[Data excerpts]

[Start of Attachment]

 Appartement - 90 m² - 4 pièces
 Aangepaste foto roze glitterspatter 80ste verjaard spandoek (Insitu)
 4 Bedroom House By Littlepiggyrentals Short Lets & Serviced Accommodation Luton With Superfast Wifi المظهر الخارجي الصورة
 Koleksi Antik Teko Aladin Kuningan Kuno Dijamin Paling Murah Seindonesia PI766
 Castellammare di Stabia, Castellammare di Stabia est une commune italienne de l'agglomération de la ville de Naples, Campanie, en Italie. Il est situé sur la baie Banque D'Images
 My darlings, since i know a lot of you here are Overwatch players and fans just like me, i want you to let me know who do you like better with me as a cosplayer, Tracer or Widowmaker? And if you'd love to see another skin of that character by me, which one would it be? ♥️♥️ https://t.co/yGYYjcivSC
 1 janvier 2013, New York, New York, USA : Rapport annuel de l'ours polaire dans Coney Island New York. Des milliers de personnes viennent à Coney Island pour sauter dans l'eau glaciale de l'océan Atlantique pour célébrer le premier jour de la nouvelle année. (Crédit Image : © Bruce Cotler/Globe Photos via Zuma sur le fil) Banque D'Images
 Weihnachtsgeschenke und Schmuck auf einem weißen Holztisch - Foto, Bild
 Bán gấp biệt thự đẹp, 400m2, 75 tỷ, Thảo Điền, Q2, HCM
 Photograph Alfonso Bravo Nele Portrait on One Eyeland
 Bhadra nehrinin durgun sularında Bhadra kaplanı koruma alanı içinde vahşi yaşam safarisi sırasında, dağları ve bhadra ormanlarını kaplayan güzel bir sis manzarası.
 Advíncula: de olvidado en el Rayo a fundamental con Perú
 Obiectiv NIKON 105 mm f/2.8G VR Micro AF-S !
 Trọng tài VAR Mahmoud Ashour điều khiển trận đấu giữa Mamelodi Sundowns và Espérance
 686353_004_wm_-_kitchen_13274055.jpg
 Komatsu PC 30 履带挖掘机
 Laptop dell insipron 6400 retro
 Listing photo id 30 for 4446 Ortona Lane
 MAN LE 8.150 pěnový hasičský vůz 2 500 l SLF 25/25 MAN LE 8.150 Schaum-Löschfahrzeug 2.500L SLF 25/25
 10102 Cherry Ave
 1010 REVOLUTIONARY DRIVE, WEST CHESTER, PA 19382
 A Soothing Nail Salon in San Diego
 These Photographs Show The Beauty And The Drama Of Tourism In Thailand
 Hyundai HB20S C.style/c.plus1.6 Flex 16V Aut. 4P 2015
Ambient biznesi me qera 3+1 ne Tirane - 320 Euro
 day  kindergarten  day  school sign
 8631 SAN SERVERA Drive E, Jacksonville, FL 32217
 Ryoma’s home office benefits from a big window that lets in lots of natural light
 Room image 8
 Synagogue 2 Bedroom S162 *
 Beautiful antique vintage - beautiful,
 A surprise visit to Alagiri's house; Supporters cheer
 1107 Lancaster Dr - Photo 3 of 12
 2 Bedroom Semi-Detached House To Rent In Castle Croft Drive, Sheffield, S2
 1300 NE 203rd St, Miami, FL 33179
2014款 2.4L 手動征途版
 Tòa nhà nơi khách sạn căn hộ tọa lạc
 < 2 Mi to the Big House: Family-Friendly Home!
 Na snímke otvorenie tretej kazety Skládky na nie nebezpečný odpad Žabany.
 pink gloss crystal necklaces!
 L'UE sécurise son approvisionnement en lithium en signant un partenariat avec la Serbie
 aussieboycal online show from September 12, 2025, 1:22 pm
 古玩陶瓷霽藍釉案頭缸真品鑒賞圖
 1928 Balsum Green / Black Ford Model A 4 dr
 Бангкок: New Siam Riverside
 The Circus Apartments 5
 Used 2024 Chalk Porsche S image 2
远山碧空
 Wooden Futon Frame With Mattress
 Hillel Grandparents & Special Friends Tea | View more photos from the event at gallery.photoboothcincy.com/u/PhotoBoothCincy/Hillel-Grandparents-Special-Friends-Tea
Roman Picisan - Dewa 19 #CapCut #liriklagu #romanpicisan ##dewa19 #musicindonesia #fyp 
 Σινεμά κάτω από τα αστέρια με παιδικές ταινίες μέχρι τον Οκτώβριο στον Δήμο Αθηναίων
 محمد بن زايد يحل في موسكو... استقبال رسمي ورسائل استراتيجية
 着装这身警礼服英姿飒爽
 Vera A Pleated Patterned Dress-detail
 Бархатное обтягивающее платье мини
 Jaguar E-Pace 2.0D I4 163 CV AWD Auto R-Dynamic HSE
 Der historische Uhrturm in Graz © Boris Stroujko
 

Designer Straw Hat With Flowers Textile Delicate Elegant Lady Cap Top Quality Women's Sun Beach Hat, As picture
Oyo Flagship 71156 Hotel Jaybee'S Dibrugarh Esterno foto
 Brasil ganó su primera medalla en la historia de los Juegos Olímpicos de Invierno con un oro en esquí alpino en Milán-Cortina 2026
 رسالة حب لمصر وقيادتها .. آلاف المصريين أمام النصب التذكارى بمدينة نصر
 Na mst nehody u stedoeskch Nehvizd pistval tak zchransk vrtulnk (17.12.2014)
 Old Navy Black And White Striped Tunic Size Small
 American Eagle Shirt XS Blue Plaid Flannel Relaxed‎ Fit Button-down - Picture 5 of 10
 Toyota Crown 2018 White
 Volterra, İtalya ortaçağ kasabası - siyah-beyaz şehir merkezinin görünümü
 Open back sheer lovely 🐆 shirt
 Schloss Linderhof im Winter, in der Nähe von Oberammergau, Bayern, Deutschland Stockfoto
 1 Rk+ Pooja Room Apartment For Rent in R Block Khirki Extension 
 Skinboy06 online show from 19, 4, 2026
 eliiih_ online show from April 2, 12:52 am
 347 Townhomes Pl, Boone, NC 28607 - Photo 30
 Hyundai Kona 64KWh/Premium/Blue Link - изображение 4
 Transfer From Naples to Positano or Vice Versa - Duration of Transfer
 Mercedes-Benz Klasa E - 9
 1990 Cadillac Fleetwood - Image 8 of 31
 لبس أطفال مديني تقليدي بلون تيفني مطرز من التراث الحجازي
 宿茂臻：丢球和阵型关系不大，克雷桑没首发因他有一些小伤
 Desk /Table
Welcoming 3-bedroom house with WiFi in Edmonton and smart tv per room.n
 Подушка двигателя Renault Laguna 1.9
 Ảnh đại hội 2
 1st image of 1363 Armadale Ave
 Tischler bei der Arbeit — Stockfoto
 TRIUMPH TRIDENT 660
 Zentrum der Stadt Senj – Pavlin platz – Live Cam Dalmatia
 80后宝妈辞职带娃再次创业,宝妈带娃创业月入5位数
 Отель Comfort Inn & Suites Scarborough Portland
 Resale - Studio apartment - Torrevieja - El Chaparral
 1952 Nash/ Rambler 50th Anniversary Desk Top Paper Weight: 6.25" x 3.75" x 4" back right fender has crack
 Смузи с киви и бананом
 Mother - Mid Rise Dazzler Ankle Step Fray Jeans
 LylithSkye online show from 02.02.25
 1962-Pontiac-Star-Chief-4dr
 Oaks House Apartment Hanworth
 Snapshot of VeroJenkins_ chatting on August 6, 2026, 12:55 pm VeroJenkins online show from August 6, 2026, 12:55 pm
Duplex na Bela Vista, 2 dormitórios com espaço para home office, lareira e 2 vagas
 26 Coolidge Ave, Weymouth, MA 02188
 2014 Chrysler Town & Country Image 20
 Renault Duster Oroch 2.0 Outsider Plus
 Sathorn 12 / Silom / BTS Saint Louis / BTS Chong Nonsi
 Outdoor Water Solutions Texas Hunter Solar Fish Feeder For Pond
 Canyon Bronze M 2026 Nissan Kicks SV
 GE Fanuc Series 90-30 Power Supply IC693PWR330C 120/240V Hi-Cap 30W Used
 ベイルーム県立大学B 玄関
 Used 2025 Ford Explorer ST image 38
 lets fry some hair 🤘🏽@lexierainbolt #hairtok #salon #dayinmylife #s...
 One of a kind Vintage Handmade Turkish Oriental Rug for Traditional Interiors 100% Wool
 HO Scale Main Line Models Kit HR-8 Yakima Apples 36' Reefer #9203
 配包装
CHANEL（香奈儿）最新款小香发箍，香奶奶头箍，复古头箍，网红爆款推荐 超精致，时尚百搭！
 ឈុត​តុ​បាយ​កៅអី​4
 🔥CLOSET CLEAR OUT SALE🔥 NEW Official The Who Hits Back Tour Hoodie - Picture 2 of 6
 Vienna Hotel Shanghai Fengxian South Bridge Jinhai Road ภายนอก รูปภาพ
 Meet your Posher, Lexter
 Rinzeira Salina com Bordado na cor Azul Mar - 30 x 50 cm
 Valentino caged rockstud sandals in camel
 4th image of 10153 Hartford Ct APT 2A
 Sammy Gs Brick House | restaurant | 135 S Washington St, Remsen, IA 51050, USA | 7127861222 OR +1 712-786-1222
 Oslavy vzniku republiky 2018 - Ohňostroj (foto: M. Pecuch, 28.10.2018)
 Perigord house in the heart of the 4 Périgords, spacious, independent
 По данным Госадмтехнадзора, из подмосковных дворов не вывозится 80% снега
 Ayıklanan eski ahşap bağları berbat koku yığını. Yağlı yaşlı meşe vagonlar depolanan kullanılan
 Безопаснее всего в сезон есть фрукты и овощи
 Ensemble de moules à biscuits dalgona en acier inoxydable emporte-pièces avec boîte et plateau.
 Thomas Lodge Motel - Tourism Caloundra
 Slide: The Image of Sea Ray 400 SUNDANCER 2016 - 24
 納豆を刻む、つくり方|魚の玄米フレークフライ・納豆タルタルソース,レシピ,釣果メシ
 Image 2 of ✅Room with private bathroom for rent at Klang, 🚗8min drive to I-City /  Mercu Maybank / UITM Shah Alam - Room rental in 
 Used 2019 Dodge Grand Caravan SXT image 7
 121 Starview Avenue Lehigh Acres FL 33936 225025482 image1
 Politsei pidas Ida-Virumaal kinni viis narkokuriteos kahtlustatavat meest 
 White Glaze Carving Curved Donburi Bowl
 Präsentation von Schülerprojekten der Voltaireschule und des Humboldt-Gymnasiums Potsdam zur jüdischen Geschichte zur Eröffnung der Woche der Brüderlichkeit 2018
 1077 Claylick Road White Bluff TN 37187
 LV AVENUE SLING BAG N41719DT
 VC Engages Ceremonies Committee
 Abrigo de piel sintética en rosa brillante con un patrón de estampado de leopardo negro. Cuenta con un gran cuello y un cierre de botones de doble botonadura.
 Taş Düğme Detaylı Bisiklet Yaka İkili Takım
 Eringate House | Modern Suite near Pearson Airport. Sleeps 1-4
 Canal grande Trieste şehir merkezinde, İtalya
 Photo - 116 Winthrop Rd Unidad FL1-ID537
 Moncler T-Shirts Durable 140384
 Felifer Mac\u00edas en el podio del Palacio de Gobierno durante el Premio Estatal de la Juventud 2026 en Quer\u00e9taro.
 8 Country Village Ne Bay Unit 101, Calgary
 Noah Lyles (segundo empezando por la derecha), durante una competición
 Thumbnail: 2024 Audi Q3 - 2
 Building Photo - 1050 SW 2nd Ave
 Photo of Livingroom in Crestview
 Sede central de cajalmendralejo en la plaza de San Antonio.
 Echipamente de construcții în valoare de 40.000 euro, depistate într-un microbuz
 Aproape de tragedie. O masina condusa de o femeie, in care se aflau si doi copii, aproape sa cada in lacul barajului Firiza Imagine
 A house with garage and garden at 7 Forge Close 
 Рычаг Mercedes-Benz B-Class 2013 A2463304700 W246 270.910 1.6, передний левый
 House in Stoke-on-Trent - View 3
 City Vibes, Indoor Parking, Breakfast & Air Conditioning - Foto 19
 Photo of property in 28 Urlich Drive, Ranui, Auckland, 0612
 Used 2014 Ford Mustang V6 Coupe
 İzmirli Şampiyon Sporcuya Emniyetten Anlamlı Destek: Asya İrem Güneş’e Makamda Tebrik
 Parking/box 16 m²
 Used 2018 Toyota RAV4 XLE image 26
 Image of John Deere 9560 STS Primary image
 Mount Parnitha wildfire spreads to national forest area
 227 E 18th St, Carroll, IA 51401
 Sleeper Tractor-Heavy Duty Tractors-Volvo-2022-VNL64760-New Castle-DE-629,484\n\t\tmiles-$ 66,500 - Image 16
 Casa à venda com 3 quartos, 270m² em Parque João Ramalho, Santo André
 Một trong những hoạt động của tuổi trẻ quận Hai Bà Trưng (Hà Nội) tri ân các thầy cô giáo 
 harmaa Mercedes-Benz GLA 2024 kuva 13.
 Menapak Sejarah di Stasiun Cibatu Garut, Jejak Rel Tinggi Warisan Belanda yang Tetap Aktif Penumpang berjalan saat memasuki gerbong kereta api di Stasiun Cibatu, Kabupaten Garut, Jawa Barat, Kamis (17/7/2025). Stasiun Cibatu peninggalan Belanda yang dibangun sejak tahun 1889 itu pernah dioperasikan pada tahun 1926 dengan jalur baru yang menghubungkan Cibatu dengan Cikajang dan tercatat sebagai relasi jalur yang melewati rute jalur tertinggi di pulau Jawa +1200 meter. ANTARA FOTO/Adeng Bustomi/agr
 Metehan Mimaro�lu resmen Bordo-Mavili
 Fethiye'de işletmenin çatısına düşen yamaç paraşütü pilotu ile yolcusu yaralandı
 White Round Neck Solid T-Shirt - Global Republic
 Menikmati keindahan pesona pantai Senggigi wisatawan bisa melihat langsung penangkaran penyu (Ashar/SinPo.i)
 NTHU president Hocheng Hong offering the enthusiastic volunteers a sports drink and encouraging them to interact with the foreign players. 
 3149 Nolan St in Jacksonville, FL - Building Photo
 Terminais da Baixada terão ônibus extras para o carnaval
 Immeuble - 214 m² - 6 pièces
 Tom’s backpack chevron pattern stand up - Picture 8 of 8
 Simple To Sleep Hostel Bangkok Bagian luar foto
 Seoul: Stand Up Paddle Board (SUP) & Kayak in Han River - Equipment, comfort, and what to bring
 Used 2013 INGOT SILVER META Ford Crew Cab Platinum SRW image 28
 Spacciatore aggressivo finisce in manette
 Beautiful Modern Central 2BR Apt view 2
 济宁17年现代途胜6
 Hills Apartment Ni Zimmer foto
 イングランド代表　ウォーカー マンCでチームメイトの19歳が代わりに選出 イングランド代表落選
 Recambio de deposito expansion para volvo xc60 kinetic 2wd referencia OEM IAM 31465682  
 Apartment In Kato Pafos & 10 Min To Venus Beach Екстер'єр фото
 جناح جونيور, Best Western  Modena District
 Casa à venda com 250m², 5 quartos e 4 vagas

[End of Attachment]

• [Action item]: Which lines of the data include "online"? Copy each of them.

• [Solved problem]:
 aussieboycal online show from September 12, 2025, 1:22 pm
 Skinboy06 online show from 19, 4, 2026
 eliiih_ online show from April 2, 12:52 am
 LylithSkye online show from 02.02.25
 Snapshot of VeroJenkins_ chatting on August 6, 2026, 12:55 pm VeroJenkins online show from August 6, 2026, 12:55 pm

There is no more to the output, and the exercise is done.